[RECORDS FOR PROCESSING Boundary: Start]

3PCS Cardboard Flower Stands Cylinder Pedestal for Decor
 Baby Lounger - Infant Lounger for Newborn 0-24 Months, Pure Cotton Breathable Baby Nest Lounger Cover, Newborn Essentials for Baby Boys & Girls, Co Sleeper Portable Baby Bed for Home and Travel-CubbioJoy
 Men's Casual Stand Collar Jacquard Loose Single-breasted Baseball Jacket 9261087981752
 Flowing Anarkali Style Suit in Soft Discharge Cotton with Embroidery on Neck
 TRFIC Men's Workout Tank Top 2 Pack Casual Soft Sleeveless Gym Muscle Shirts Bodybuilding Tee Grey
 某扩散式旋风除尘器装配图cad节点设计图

[RECORDS FOR PROCESSING Boundary: End]
[RECORDS FOR PROCESSING Boundary: Start]

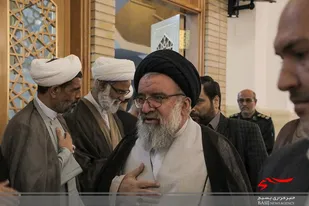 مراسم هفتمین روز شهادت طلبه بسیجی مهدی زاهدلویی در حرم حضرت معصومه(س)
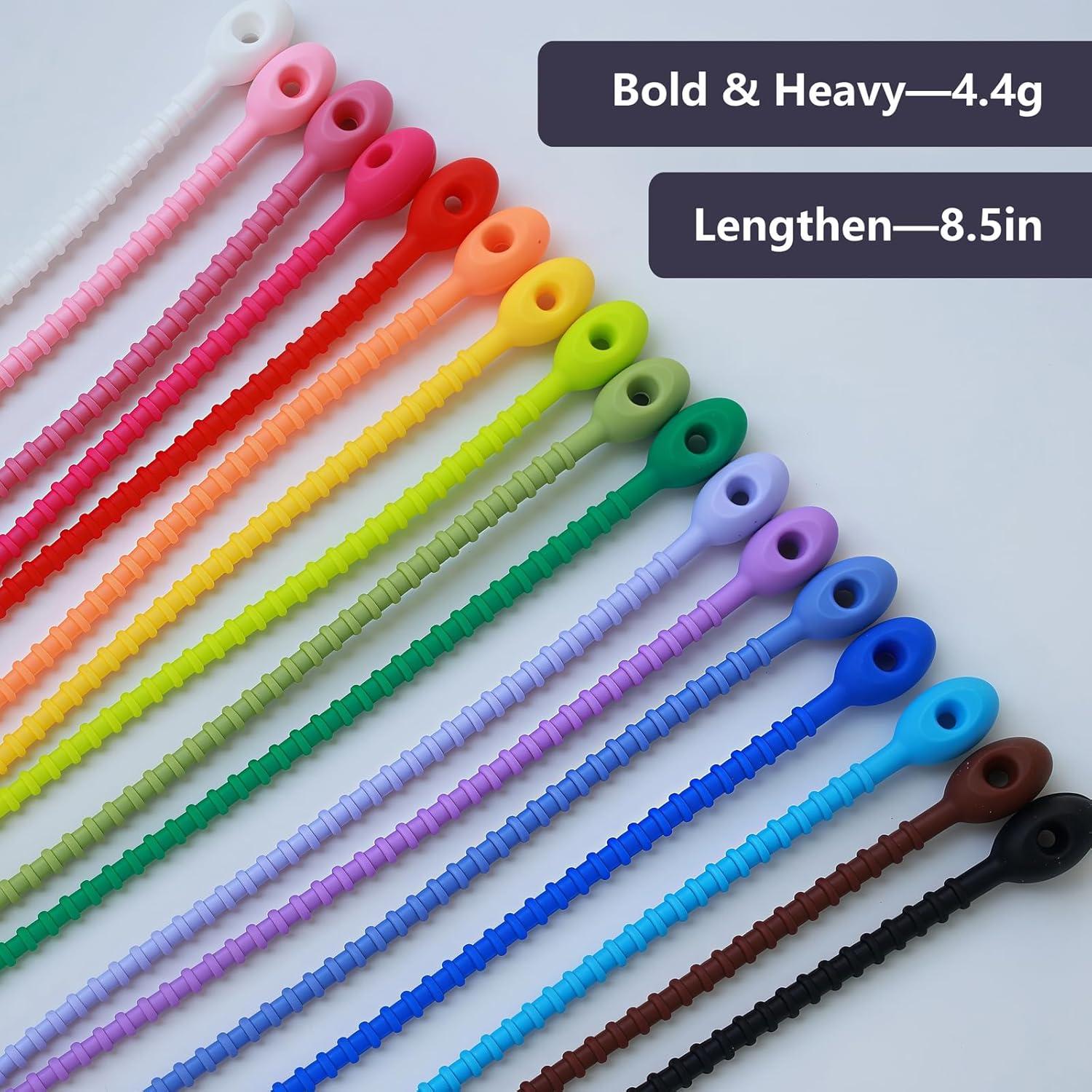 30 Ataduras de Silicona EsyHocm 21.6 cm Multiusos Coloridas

[RECORDS FOR PROCESSING Boundary: End]
[RECORDS FOR PROCESSING Boundary: Start]

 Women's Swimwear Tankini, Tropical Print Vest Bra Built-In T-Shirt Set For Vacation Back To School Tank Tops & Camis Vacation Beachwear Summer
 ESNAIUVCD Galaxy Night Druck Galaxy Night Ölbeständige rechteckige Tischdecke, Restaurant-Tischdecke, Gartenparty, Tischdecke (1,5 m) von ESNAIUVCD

[RECORDS FOR PROCESSING Boundary: End]

Would you retype exactly the lines above, from the line with "Flowing Anarkali Style" to the line with "某扩散式旋风除尘器装配图cad节点设计图", with both end lines kept and nothing more?

**ANSWER BOX**
 Flowing Anarkali Style Suit in Soft Discharge Cotton with Embroidery on Neck
 TRFIC Men's Workout Tank Top 2 Pack Casual Soft Sleeveless Gym Muscle Shirts Bodybuilding Tee Grey
 某扩散式旋风除尘器装配图cad节点设计图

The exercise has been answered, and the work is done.